Instructions for the task →
The material below contains a line with "CanalEncuentro's tweet photo." and a line with "Hand drawn flower". Copy exactly those two lines and all lines between them.

Data excerpts →
▼▼▼
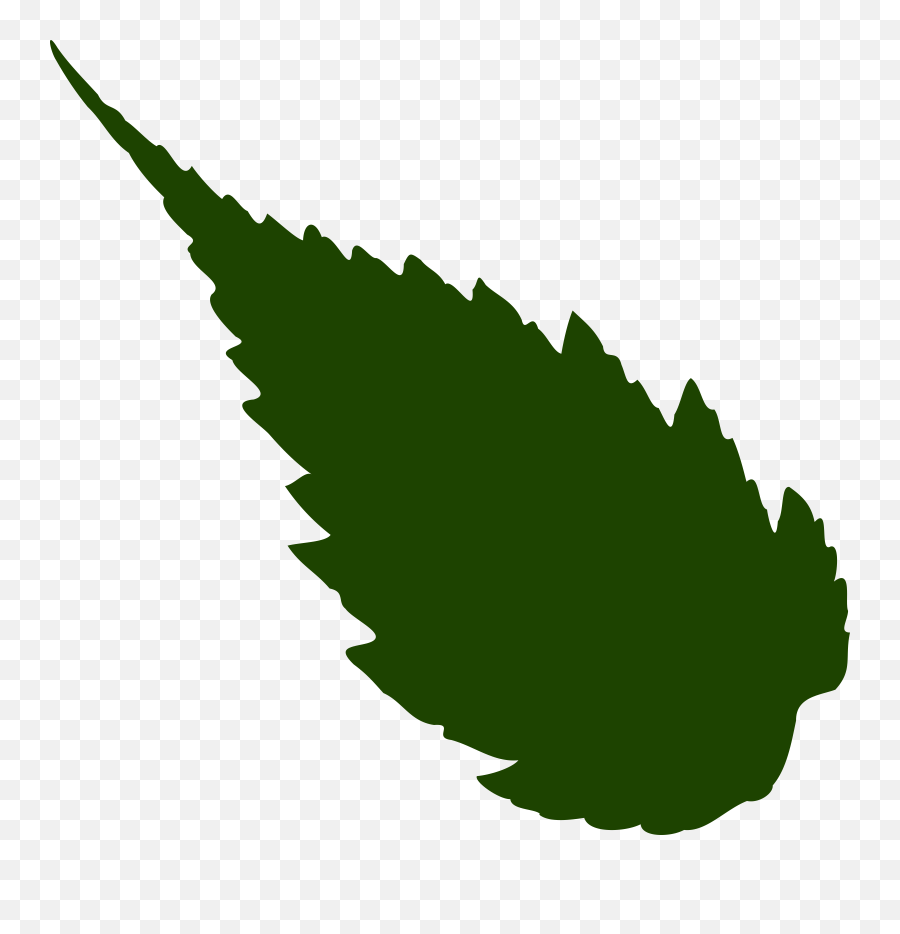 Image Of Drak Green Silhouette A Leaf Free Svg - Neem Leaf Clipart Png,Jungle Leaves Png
▲▲▲
▼▼▼
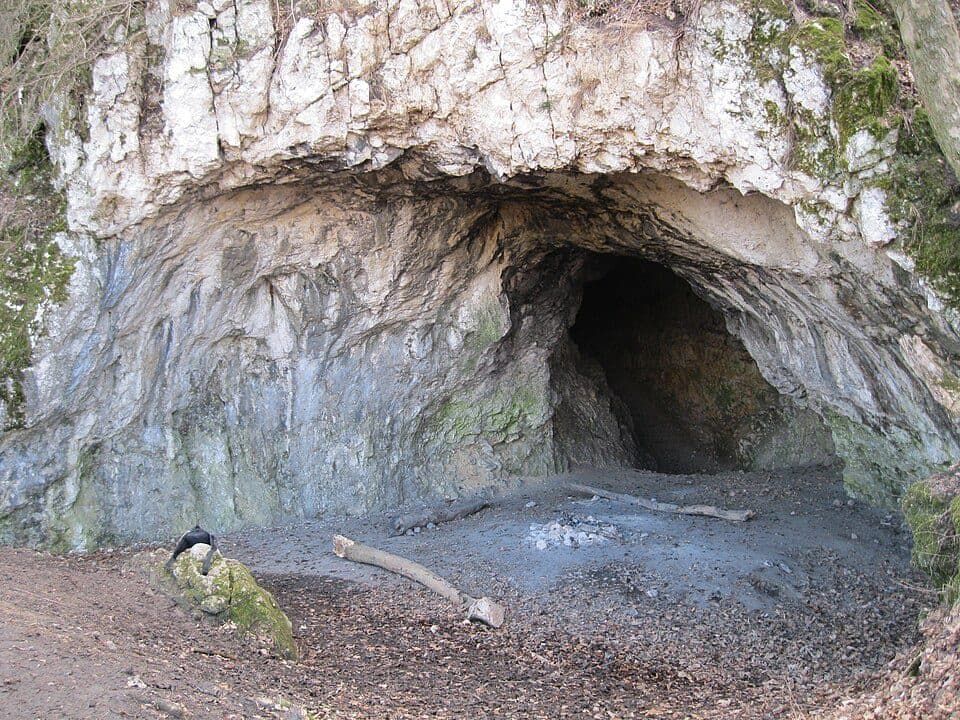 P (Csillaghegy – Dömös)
▲▲▲
▼▼▼
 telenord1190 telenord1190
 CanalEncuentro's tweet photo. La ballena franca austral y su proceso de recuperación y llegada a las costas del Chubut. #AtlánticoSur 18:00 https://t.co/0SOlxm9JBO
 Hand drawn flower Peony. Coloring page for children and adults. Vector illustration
▲▲▲
Response to the exercise →
 CanalEncuentro's tweet photo. La ballena franca austral y su proceso de recuperación y llegada a las costas del Chubut. #AtlánticoSur 18:00 https://t.co/0SOlxm9JBO
 Hand drawn flower Peony. Coloring page for children and adults. Vector illustration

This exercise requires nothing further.